Alex the Lion (Ben Stiller), Marty the Zebra (Chris Rock), Melman the Giraffe (David Schwimmer), and Gloria the Hippo (Jada Pinkett Smith) are stranded in Africa, abandoned by their crew of penguin engineers and monkey manual labor (and the super-plane on which they all ride). Turns out, those penguins were heading from Africa to Monte Carlo to spend a pile of gold and jewels at the casinos. There’s only one solution for the animal crew: swim across the Mediterranean to Monte Carlo and get those penguins to take them back to America and their home at the Central Park Zoo.
Unfortunately, after some infighting and a spectacular snafu, the animals are on the run from the villainous French animal control officer Captain Chantel DuBois (Frances McDormand) and her crew of mostly indestructible henchmen. Captain DuBois wants a lion head to complete her collection, and Alex is a lion, so you can kind of see why she’d want to hunt him down. Fortunately, the gang finds refuge in an unlikely place: a traveling circus.
The circus animals include Vitaly the Lion (Bryan Cranston), Gia the Cheetah (Jessica Chastain), Stefano the Sea Lion (Martin Short) and many other interesting characters. As it turns out, the circus has a date in London where an American talent scout will be waiting to offer them a contract to go to New York City. That’s home; will the gang get back home to their park, or will their motley circus fall apart around them?

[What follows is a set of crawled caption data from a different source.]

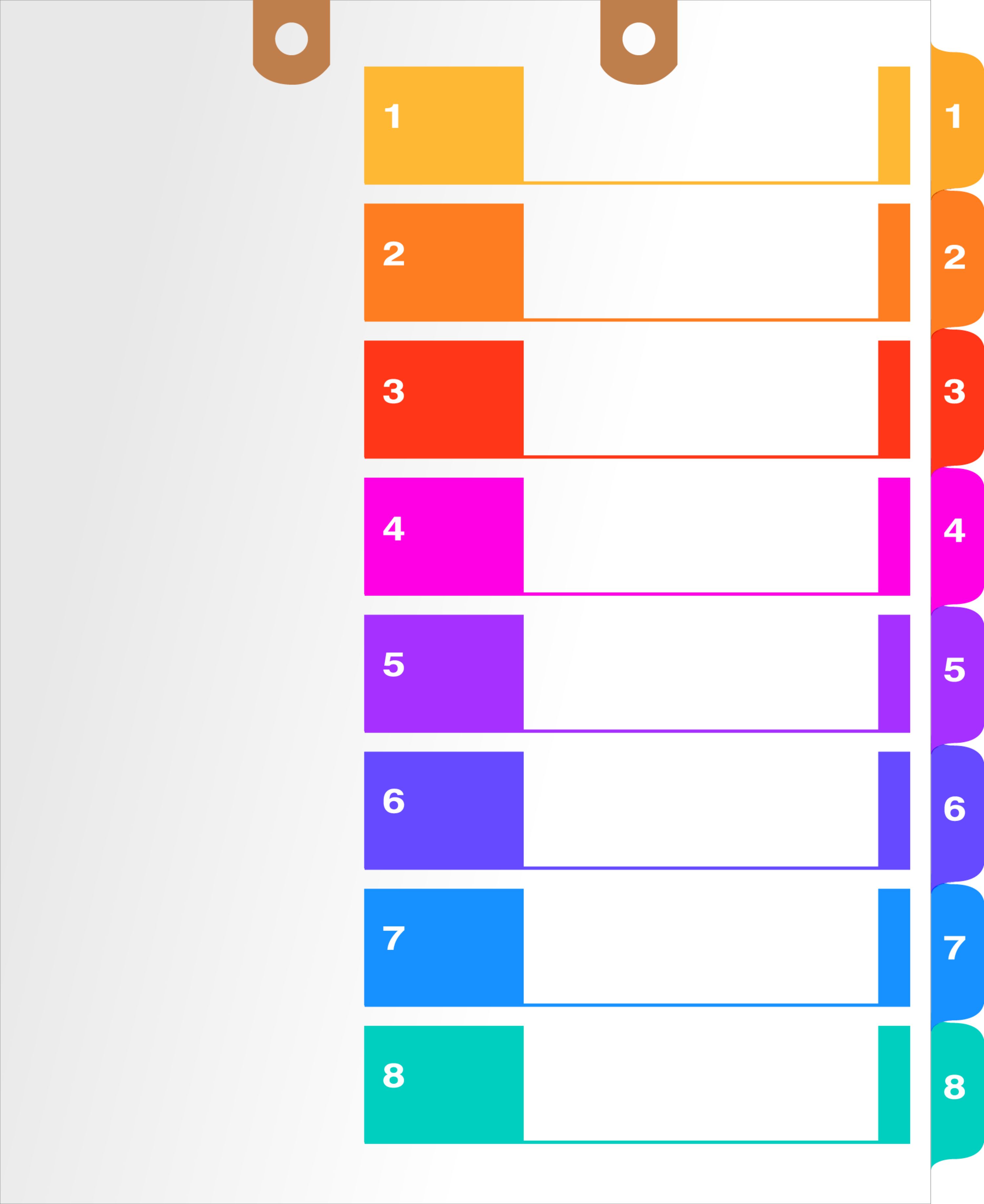 Product 13158 Image 4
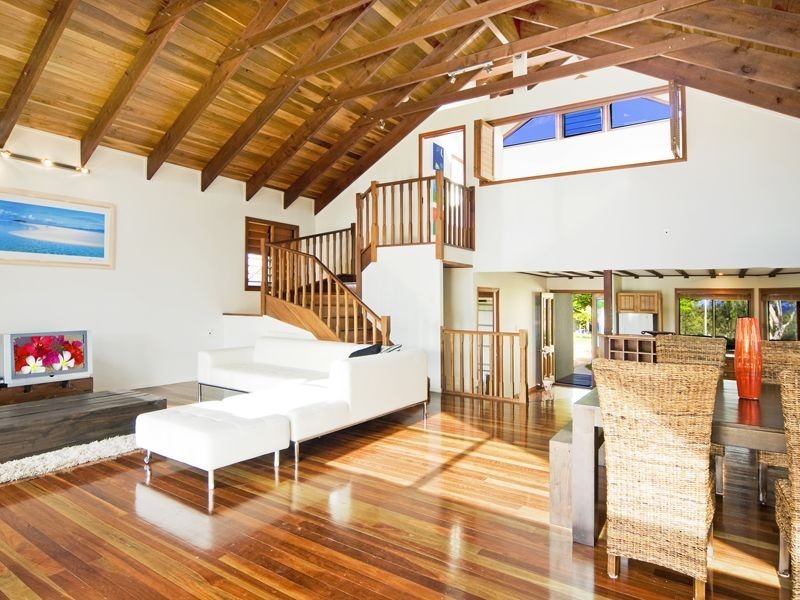 19 Sassafras Street, Pottsville NSW 2489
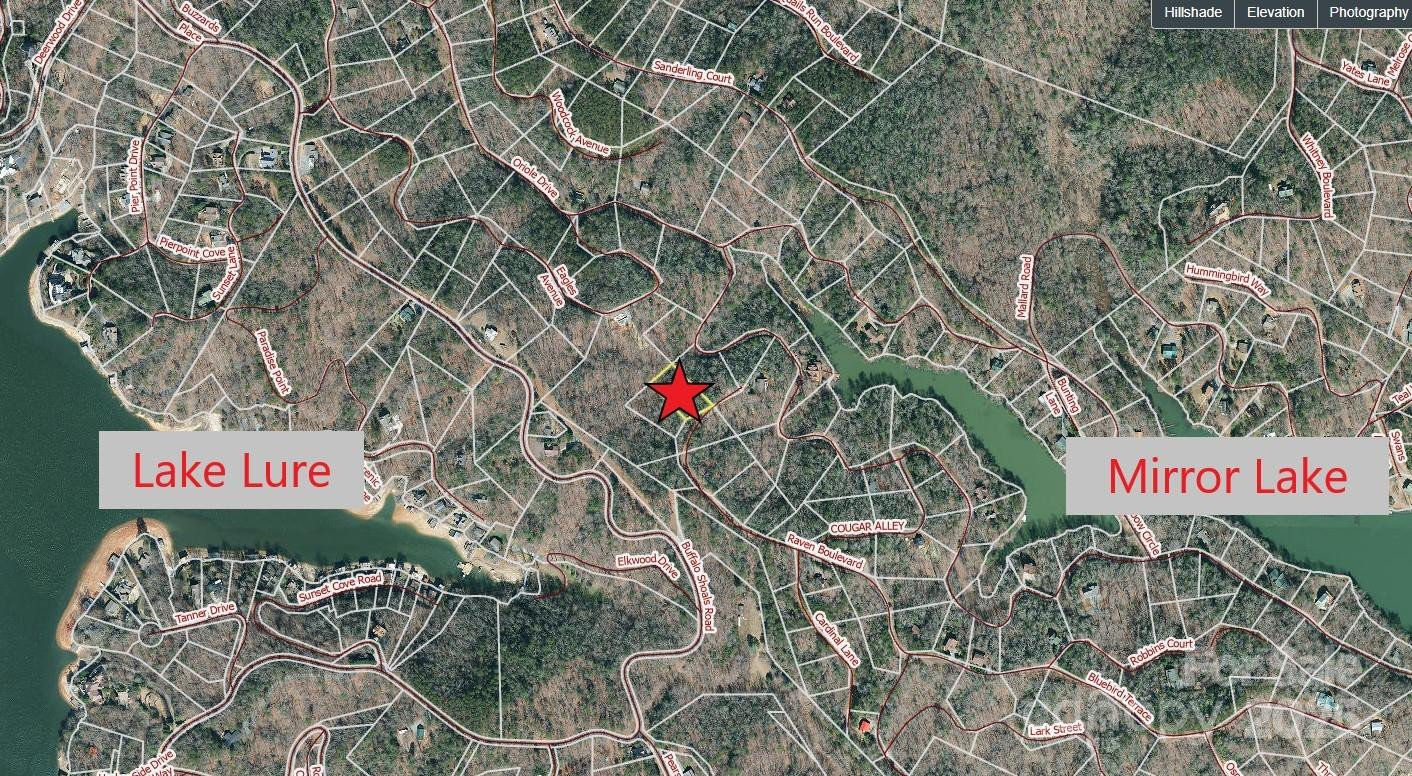 000 Raven Boulevard #65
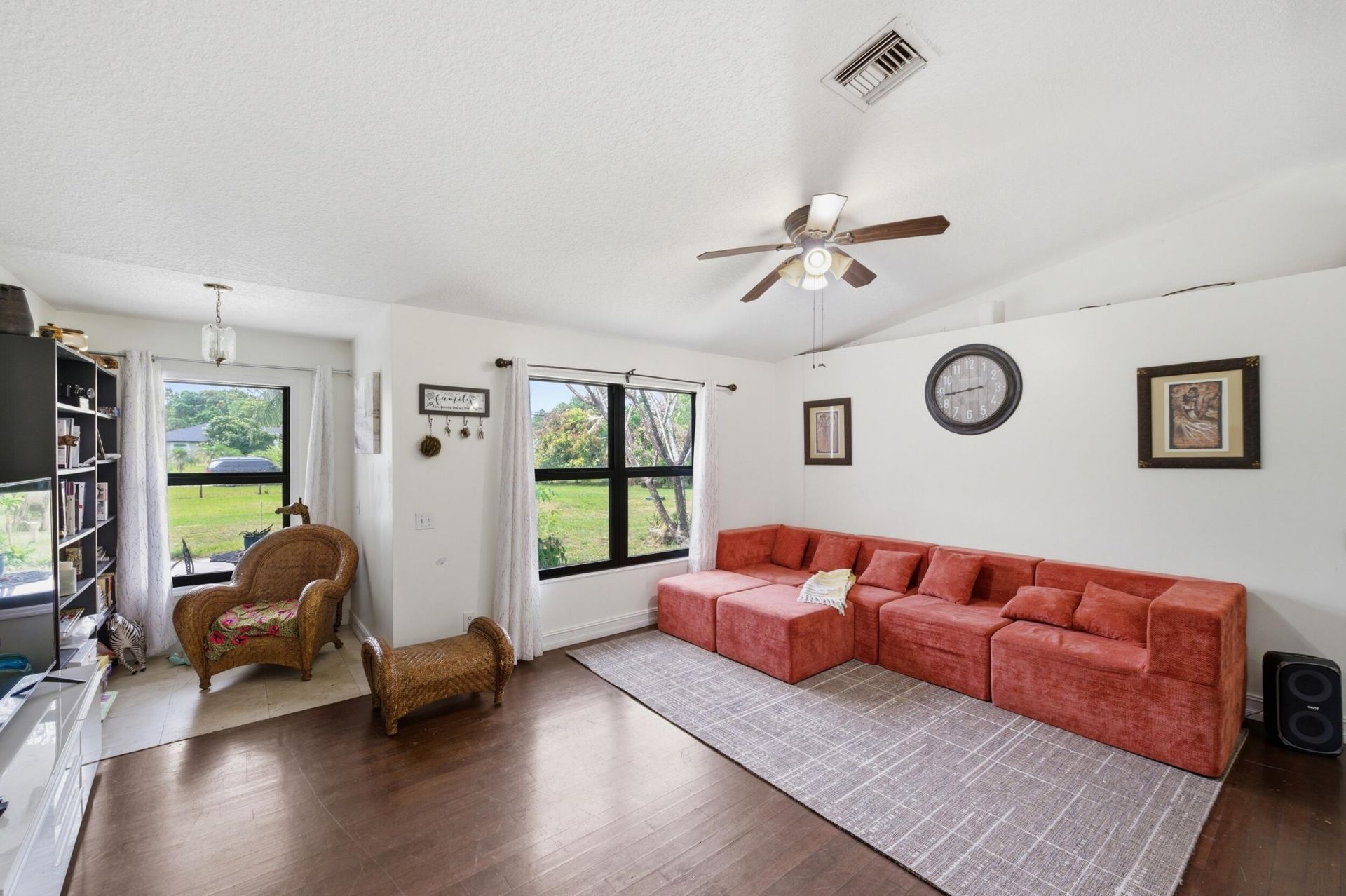 11823 N 67th Pl Place N, The Acreage, FL 33412 Photo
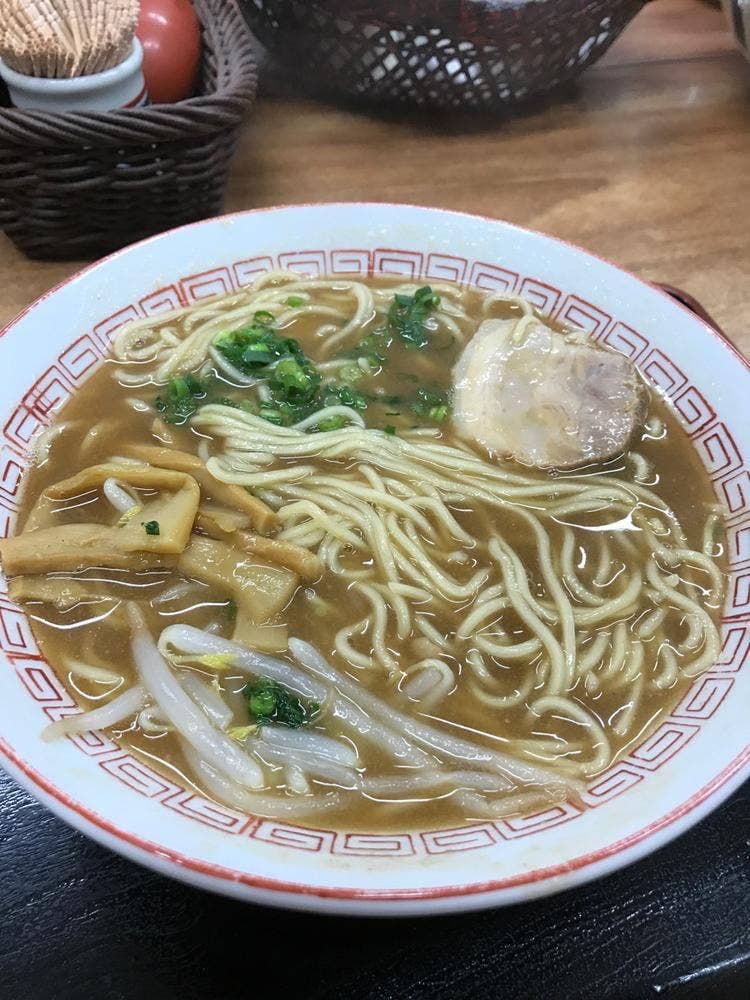 吉田屋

One of the things you can say for Madagascar 3 is that it makes some really good use of 3D elements. There’s a particularly stellar sequence in which the animals do their circus act that is visually stunning, if simple. It is mostly a black background, but the flying characters and neon effects are amazing. You have to give it up to Dreamworks; it knows how to make animation really pop, even in the darker environment of the digital third dimension. It was very colorful consistently, even if I doubt you lose much by opting for the 2D showing.
It was also consistently entertaining. There were a few scenes that seemed slow, but only because they were the rare scenes that weren’t progressing at warp speed. There was always something going on in the movie, no doubt to make sure that kids stay entertained throughout. Just when things seemed to calm down, there would be another joke, pratfall, action set piece… something would be happening at all times, and that means that the film’s 85 minutes just flew by; the audience of children at my screening never seemed to get fussy, save for one or two scenes. That’s a minor miracle these days.

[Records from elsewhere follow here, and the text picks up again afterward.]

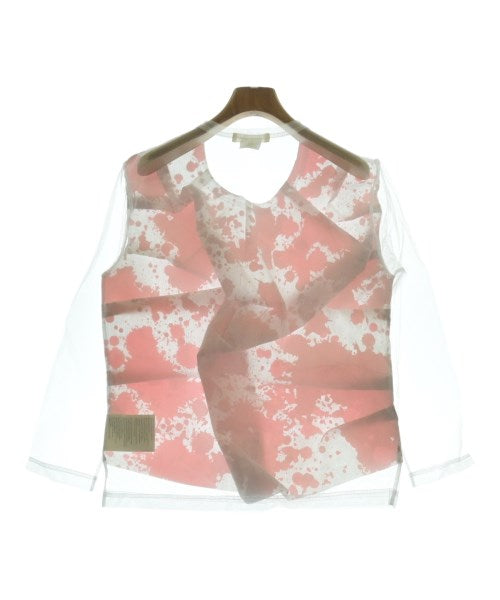 COMME des GARCONS 休閒襯衫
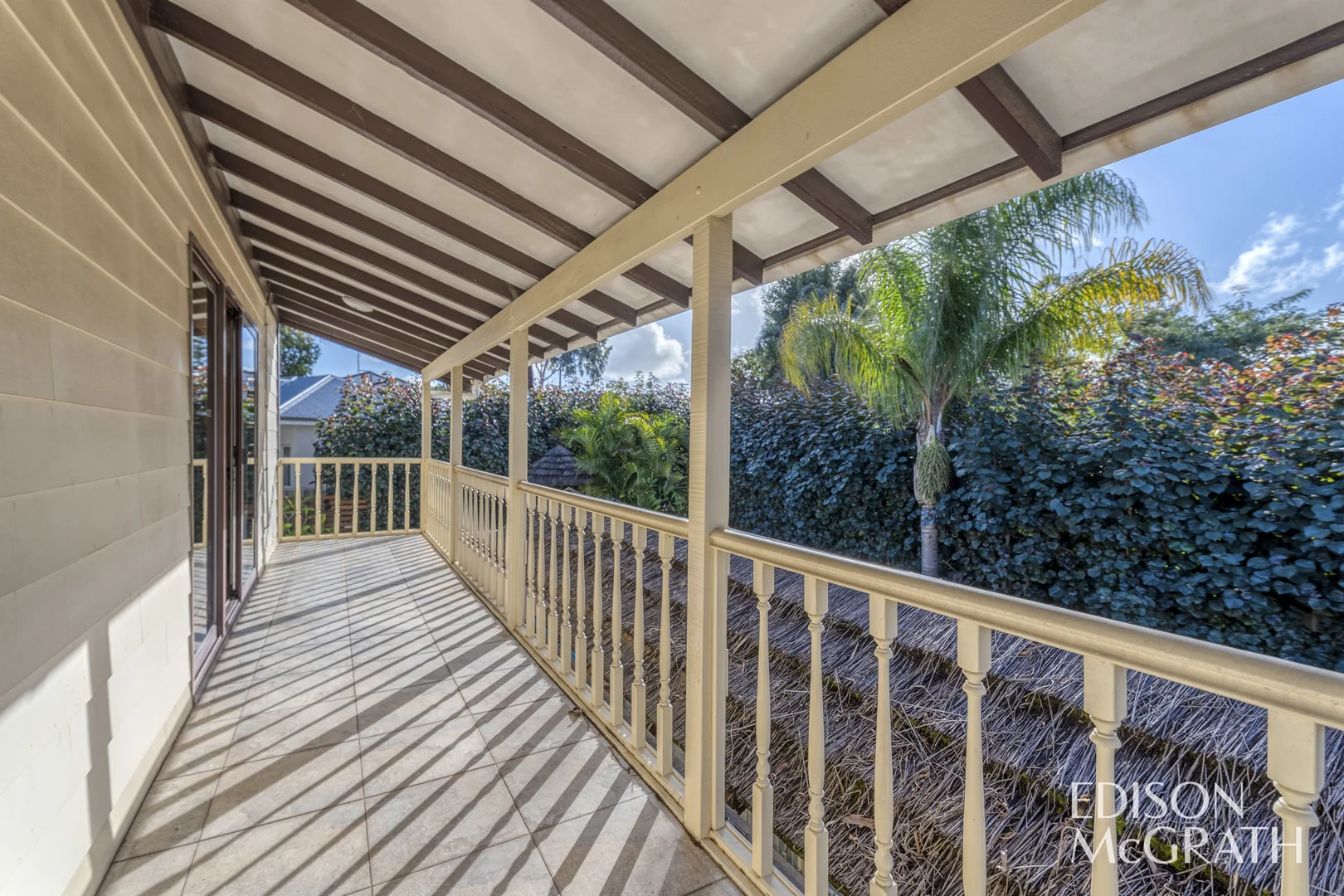 Additional image 14 of 3 Davallia Road, Duncraig WA 6023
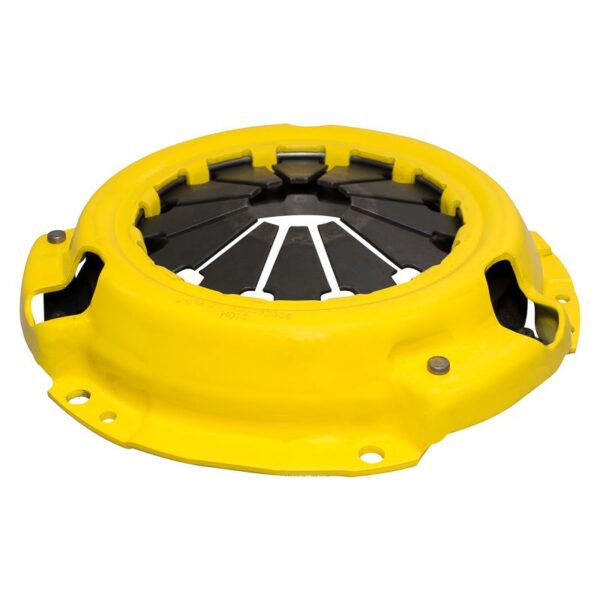 ACT Heavy Duty Pressure Plate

The end result is all the more impressive when you consider that there were three directors and three writers credited to the picture. The script, from Madagascar minder Eric Darnell and indie darlings Noah Baumbach (Fantastic Mr. Fox, Greenberg) is actually pretty sharp, dialog-wise. There are some very witty moments to reward adults, and some Madagascar goofiness to reward kids. It’s all over-the-top, but it shoots to entertain the entire time, and while the villain doesn’t really work most of the time, she has her moments.
The plot is paper-thin, but there are some good interaction scenes with Alex and company (and one really good joke for adults). The trio of directors are all Dreamworks animation stalwarts: Darnell, Tom McGrath (Megamind, the other Madagascars), and Conrad Vernon (Shrek 2, Monsters vs. Aliens). Hence, the machine-gun pacing.
The Madagascar series isn’t the most highly-regarded of Dreamworks animation, and Madagascar 3 won’t be changing that impression. Still, there’s a lot worse out there as far as animation goes, and it’s better than the most recent Pixar offering, Cars 2. (And how often can you say that?!) It’s far from brilliant, but there are enough moments to make it a good summer diversion for the kids.